Kręta ścieżka rozwoju Inkscape wiodła od formy sforkowanej z Sodipodi, przez projekt który starał się odnaleźć w rzeczywistości GTK, aż po nadrabianie zaległości z jakości i funkcjonalności w narzędziach. Zapowiadane wydanie Inkscape 1.0 stanowi ukoronowanie piętnastoletnich zmagań. Zapowiadane, bo obecnie zostało nam udostępnione wydanie Alpha.

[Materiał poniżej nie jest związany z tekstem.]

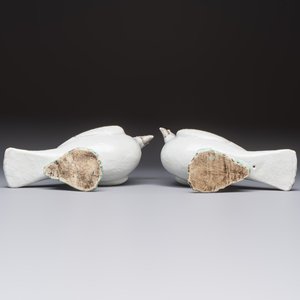 A pair of Chinese famille rose doves, Qianlong — photo 7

Lista zmian jak na takie przełomowe wydanie nie onieśmiela mnogością szczegółów:
-
obsługa tematów graficznych,
-
określanie pozycji wszystkich obiektów według górnego lewego rogu naszej płótna (możliwość przełączanie do poprzedniej funkcjonalności),
-
obroty i odbicia płótna,
-
lepsze wsparcie wyświetlaczy HiDPI,
-
kontrolowana szerokość PowerStroke na tabletach obsługujących siłę nacisk,
-
Fillet/chamfer LPE,
-
nowe opcje eksportu PNG,
-
zoptymalizowane działanie operacji na ścieżkach,
-
możliwość używania wariacji fontów,
Nie dajmy się zwieść tej pozornie ubogiej wyliczance. To zaledwie zaakcentowanie kierunku i ilości zmian w Inkscape 1.0. Dokładniejszy opis wszystkich niuansów znajdziemy na ciągle aktualizowanej Wiki tego wydania.

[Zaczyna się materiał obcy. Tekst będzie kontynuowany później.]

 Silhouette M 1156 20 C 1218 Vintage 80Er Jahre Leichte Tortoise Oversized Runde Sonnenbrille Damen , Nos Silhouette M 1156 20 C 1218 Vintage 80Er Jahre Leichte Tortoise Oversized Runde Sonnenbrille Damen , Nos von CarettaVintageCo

Na pytanie czy było warto czekać, każdy odpowie sobie sam. Z pewnością program dojrzał a różnica jakościowa pomiędzy wydaniami 0.9x a 1.00 jest zauważalna. Łatwiejsze operowanie warstwami, listy obiektów, efekty specjalne, filtry. Przepisano lub zoptymalizowane olbrzymie połacie kodu źródłowego, przeprojektowanie działa wielu narzędzi. To wszystko wpływa na bardzo pozytywne postrzeganie tego projektu w aspekcie ostatnich miesięcy rozwoju.

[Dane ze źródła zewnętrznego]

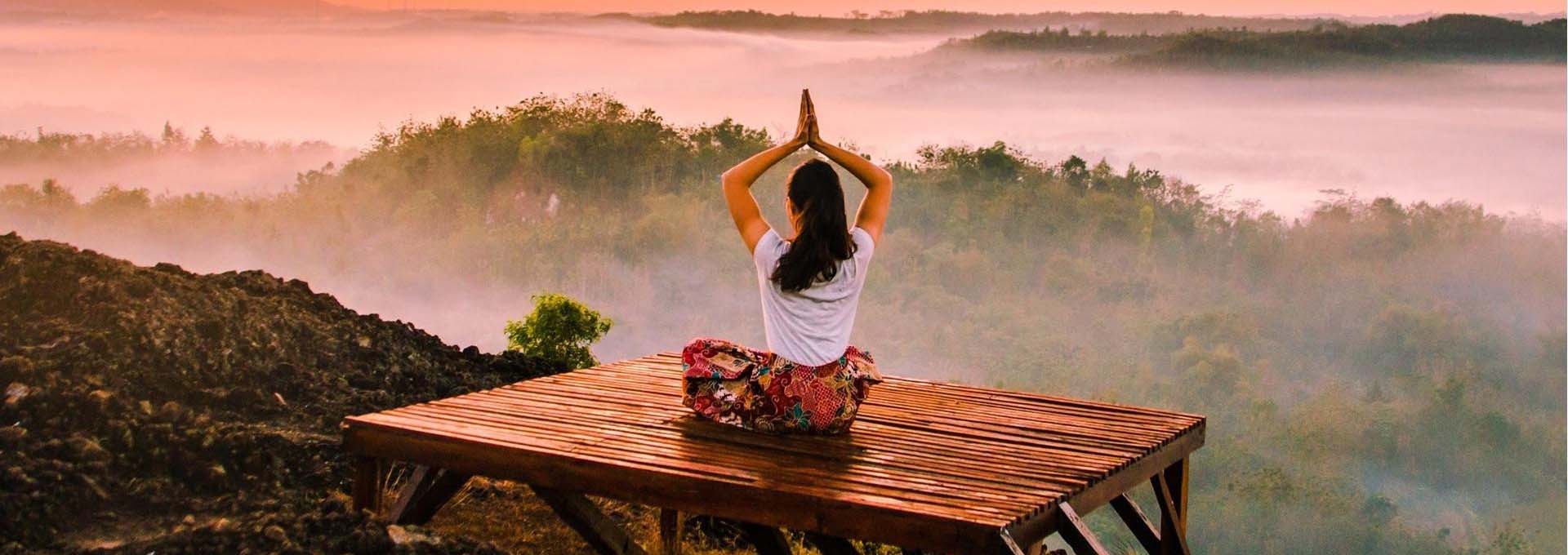 Yoga Retreat Tour in India Banner 1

Jak już wspomniałem, póki co Inkscape 1.0 to wydanie Alpha. Na stronie projektu została udostępniona paczka AppImage, która ułatwia szybkie przetestowanie tego wydania.
A jak z zapotrzebowaniem na zasoby? Inkscape potrafi mocno zmulić nawet na stosunkowo niewielkich projektach. 2-3 warstwy, jakieś efekty na obiektach i mamy problem.